Does the U.S. Supreme Court have a 3-3-3 split?

President Trump’s three appointees to the Court were expected to result in a dramatic shift to the right . . . but it’s not that simple.

July/August 2021 Issue

Despite the high hopes of conservatives and the alarming fear of liberals, the U.S. Supreme Court’s recent term revealed that President Trump’s appointments may have more realistically resulted in a 3-3-3 split on the high court.

Though there is still time for the new justices to settle in and determine exactly where they will fall on the spectrum, Justices Kavanaugh and Barrett currently appear to have joined Chief Justice Roberts to make up the “moderate voting bloc.” While Justice Gorsuch has joined Thomas and Alito to form the “conservative voting bloc.”

As law professor Josh Blackman, of South Texas College of Law Houston, pointed out in an op-ed in Newsweek, the conservative voting bloc has publicly called out Justices Kavanaugh and Barrett on several occasions.

When the Court declined to take up a case asking whether courts can modify the rules governing elections, the three conservatives dissented, with Thomas calling it “inexplicable,” “befuddling,” and “baffling.”
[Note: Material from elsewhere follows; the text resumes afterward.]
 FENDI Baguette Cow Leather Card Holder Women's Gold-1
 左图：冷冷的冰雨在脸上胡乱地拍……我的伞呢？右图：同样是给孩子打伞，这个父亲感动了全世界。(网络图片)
When the Court asked a lower court to reconsider the legal standard used, instead of denying an appeal in a case involving the alleged use of excessive force by a police officer, the three conservatives dissented and Alito alleged that the other justices were “unwilling to… bear[] the criticism.”

The Court refused to review the case of a florist who could not, without violating her conscience, participate in celebrating a same-sex wedding. The three conservatives again dissented, publicly exposing the stance of Kavanaugh and Barrett.

In the case involving a religious foster care agency, the three conservatives criticized their colleagues for not going further to protect religious institutions and individuals. In fact, the conservatives publicly called out Kavanaugh and Barrett for lacking the “fortitude” (courage) to supply an answer to the question presented.

It is obvious that the Court did not operate as a 6-3 conservative majority during its first term with its current makeup of justices. Only time will tell if Kavanaugh and Barrett will be more like Roberts or their colleagues to the right.